The hernia on Xu’s left side healed but he continued to suffer agonies on the right side of his groin. Full healing came from another dream years later, on a dreadful night when Xu thought he was dying, freezing under furs and a quilt despite the summer heat. He was begging for his departed parents to come and take him to a better place. "I suddenly heard a sound like talking and laughing. On my bed, startled, I said to myself, 'This is what I sound like! Could it be that my aerial soul has come back?' Then I threw off the quilt, opened the bed curtains, and felt relieved and refreshed." The artist has followed Hun's description of what he saw in the courtyard when he pulled back the bed curtains: a ghostly homunculus - his double, on a smaller scale, floating under the trees. The artist has succeeded in giving us a rare portrayal of the reyturn of a wandering hun soul, embodied in subtle translucent stuff. The painter has added an arc of pearly light between the diaphanous figure in the garden and the sick man in bed. Looking closer, we see that the aerial soul is going to reenter the sick man's head through a kind of energy funnel. This soul recovery had wonderful effects. Xun reported that within a month, his condition was completely healed and he returned to work.


#22 Return of the Aerial Soul


This is not the story of a Daoist sage on a mountain top or ecstatic poet accustomed to roaming with immortals and lyricizing out-of-body adventures. It is the record of a Confucian bureaucrat trained to exercise sober good judgment - think of Judge Dee - with no mystical aspirations, just the desire to set down important facts from his life exactly as they played out. The gifts of Xu's album for the modern reader include its candid account of how dream events brought healing of a physical condition, the rare depiction of an "aerial soul" and its relation to a body, and the juicy description of the sense of taste coming vividly alive in a dream.


Sources: Xu Xianqing’s pictures are in the Collections of the Palace Museum, Beijing. His texts are in Zhu Hong’s Xu Xianqing huanji tu yanjiu. The translations in Lynn A. Struve’s excellent book, The Dreaming Mind and the End of the Ming World. (Honolulu:University of Hawai‘i Press, 2019) pp. 134-5.

1 comment:

Justin Patrick Moore said...

Hi Robert.

I hope you have been well. Thank you for this wonderful account of dream healing from ancient China. I was eager to read it as I have been studying the I Ching the past year. Other than that, I just wanted to say hi and let you know that my first non-fiction book was published this year by Velocity Press in the UK -and it all happened by a series of synchronicities and the play of the library angel.
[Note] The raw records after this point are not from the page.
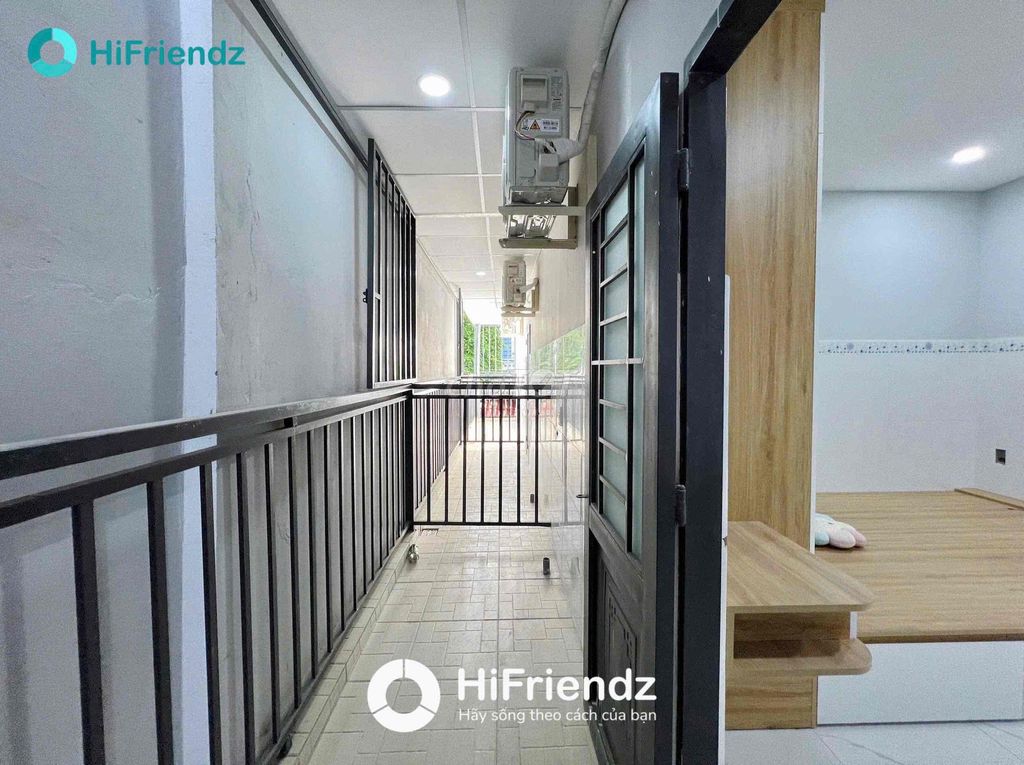 Rent room 1 st floor, Phan Văn Hớn.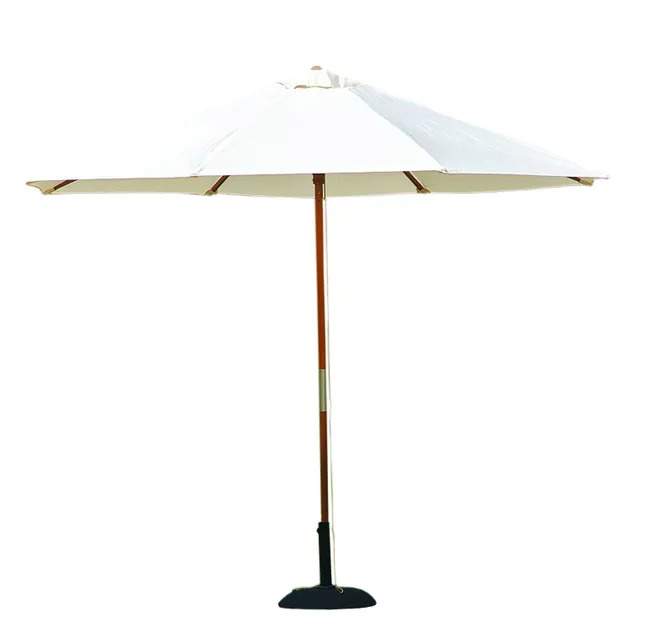 Sombrilla tipo parasol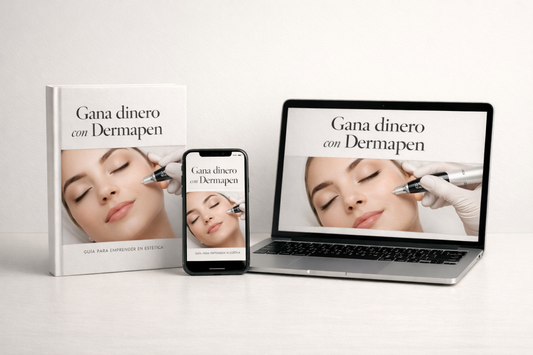 Gana dinero con Dermapen (+7 bonus GRATIS)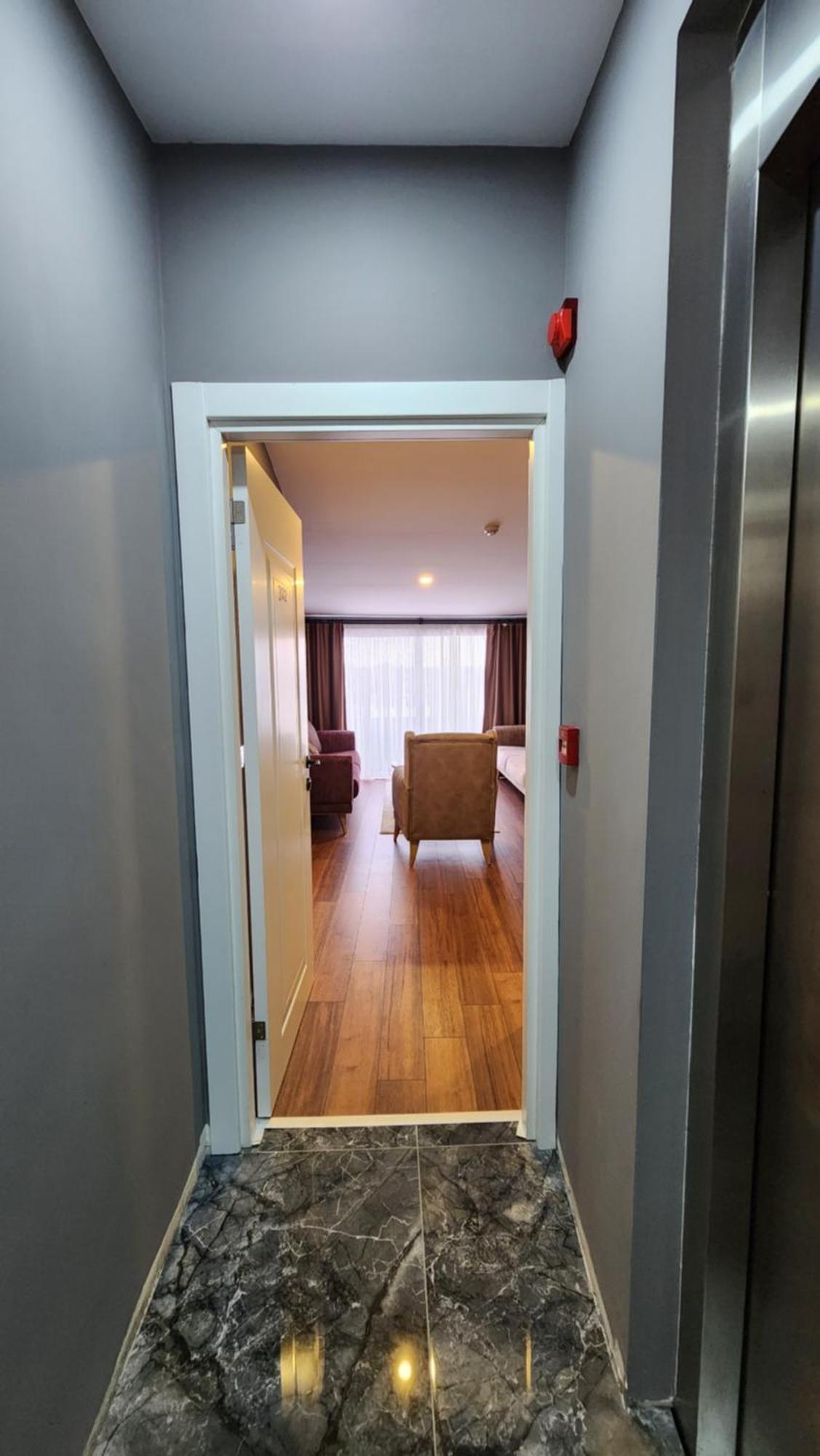 Goekotta Suite Istanbul Exterior foto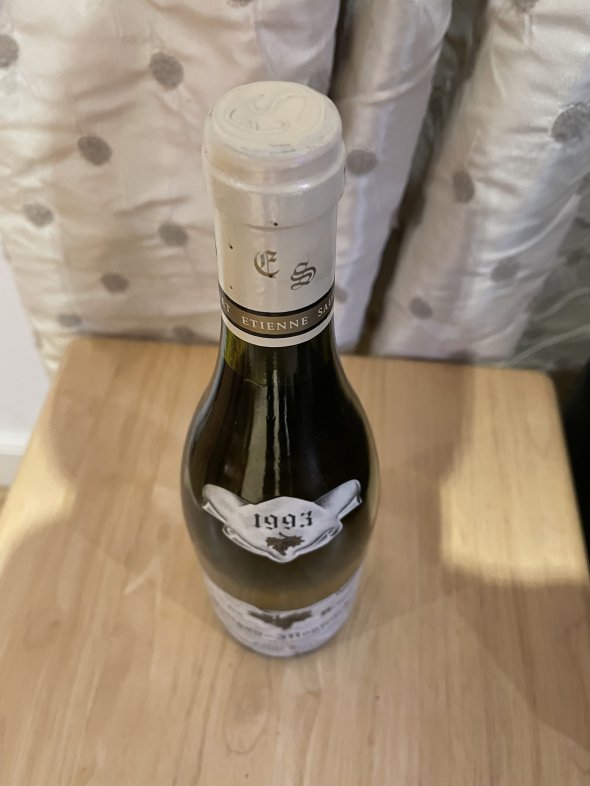 Etienne Sauzet, Puligny-Montrachet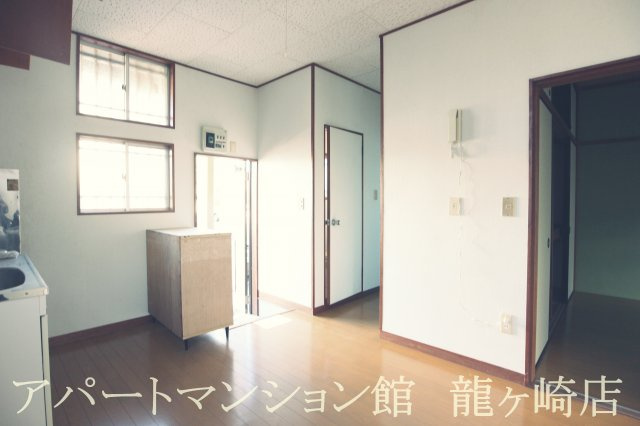 リバティーハウスの居間・リビング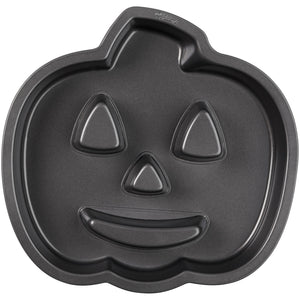 Wilton Shaped Cake Pan, Pumpkin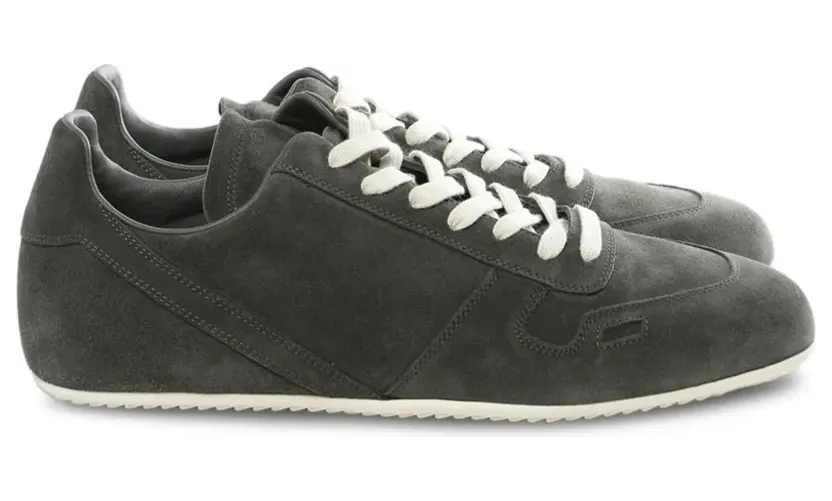 Rick Owens mit Schnürung – Green (RR01F2889LVSX)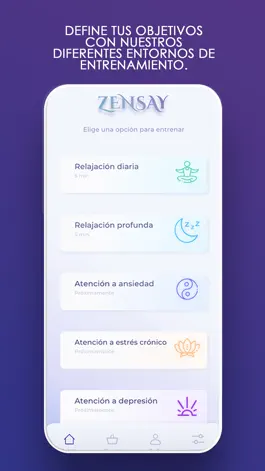 Game screenshot Zensay mod apk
Thanks for teaching me how to follow those. I've been getting my short stories published in various venues, especially the quarterly journal New Maps, where I also have been writing a column the past few years. I have other books in the works and one of the images that has continued to excite me is giving my contributions to the dream library. I still hold your teachings deer, and they have been a good companion on the roads of life.